Garcia graduated with a Bachelor of Fine Arts major in Advertising from the Technological University of The Philippines, Manila, in 2005. He is also the recipient of many awards such as the Grand Prize for 2007 Metrobank Art and Design Excellence, the National Art Competition (Oil Painting Category); Juror’s Choice Award of Excellence, 2008 Philippine Art Awards National. He was one of the recipients of the 2015 Thirteen Artists Award by the Cultural Center of the Philippines.

Paolo Icasas (b. 1981) has veered away from the traditional rural landscapes, usually with accompanying representation of Filipino peasant life, but kept similar sentiments by painting scenes from the locales where he resides and works. His paintings are inspired by work, often manual labor, by the daily struggles of the common man, by the uncertainties that always go with living, and by man’s universal longing for rest.
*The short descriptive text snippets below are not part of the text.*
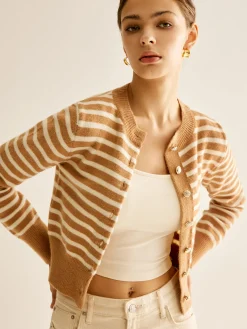 Clearance Crew Neck Striped Corset Cardigan Cardigans|Sweaters & Cardigans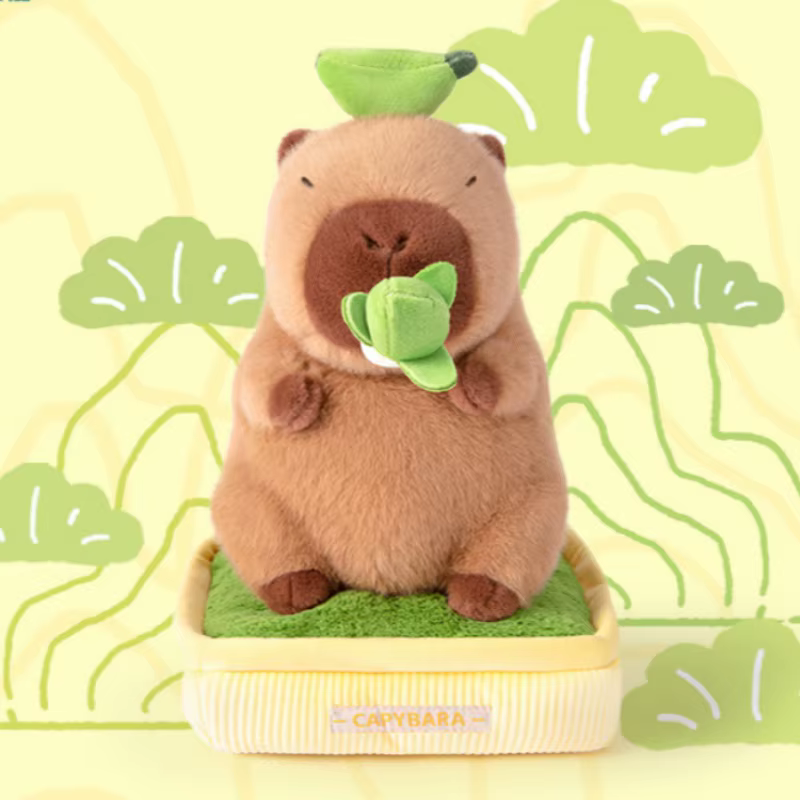 Peluche capibara planta con almohada decorativa para relajación - imagen 4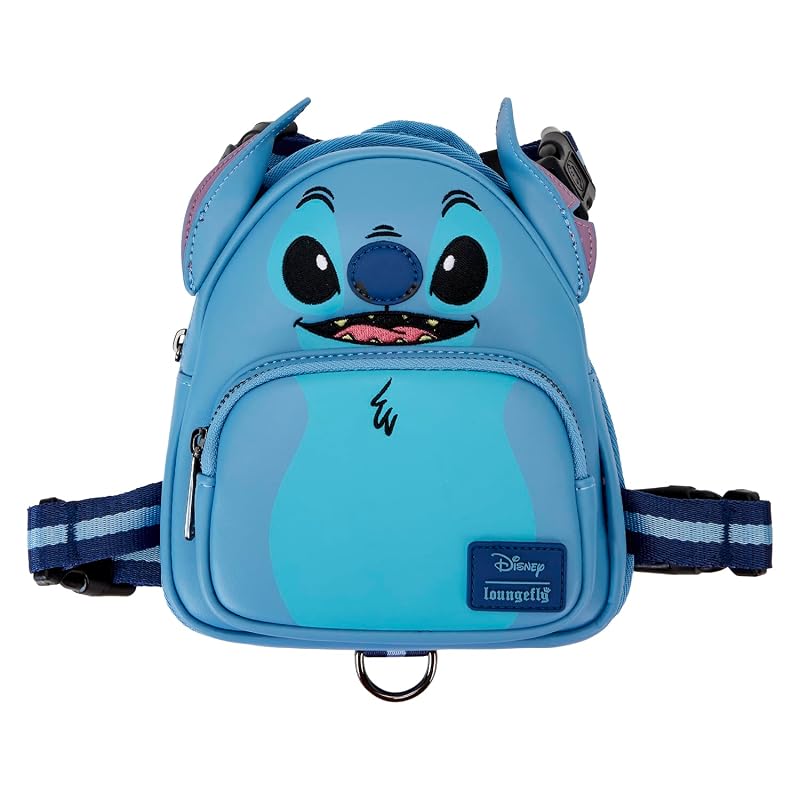 Peitoral para Cães Loungefly Disney Stitch com Bolsos e Guia (Tamanho Médio)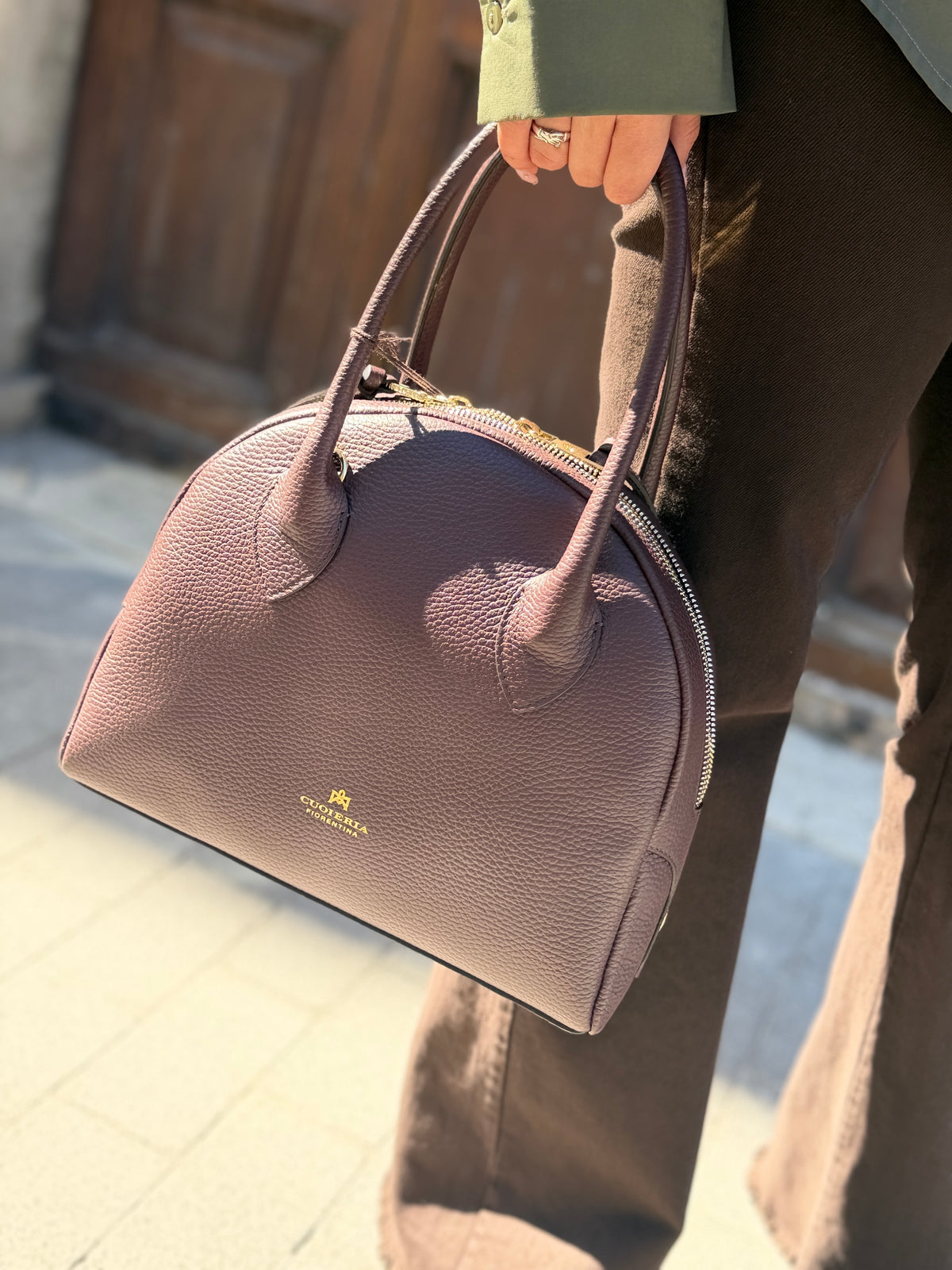 Cuoieria Fiorentina LUA MEDIUM BOWLING BAG COFFEE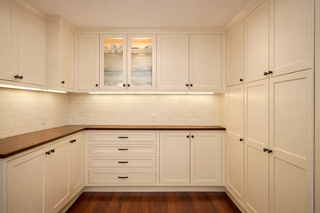 custom built ins white shaker butlers pantry cabinets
We were first introduced to Paolo Icasas’ darkly lit landscapes in Life Jacket Under Your Seat (2016), an exhibition with Surrounded By Water in Jogjakarta, Indonesia, which was re-exhibited in Blanc Gallery shortly after.

His landscapes were of vacant lots, which he sees as a parallel to manual laborers and the humility of their nature of work, one that does not demand any applause. Having taken over the responsibilities of his late father, particularly being the one in charge of his family’s small construction business, taking his father’s workers under his care, he does not remain an observer but participates in his paintings’ narrative.

His recent works, which revolve around themes of rest and uncertainty, have less urban elements than before. This is influenced by the shift of his place of work from the city to a provincial setting. Still, his landscapes remain strange yet familiar, a place that perhaps one has gone before in life or in a dream, invoking a feeling, a memory, evoking a yearning for home or what used to be such.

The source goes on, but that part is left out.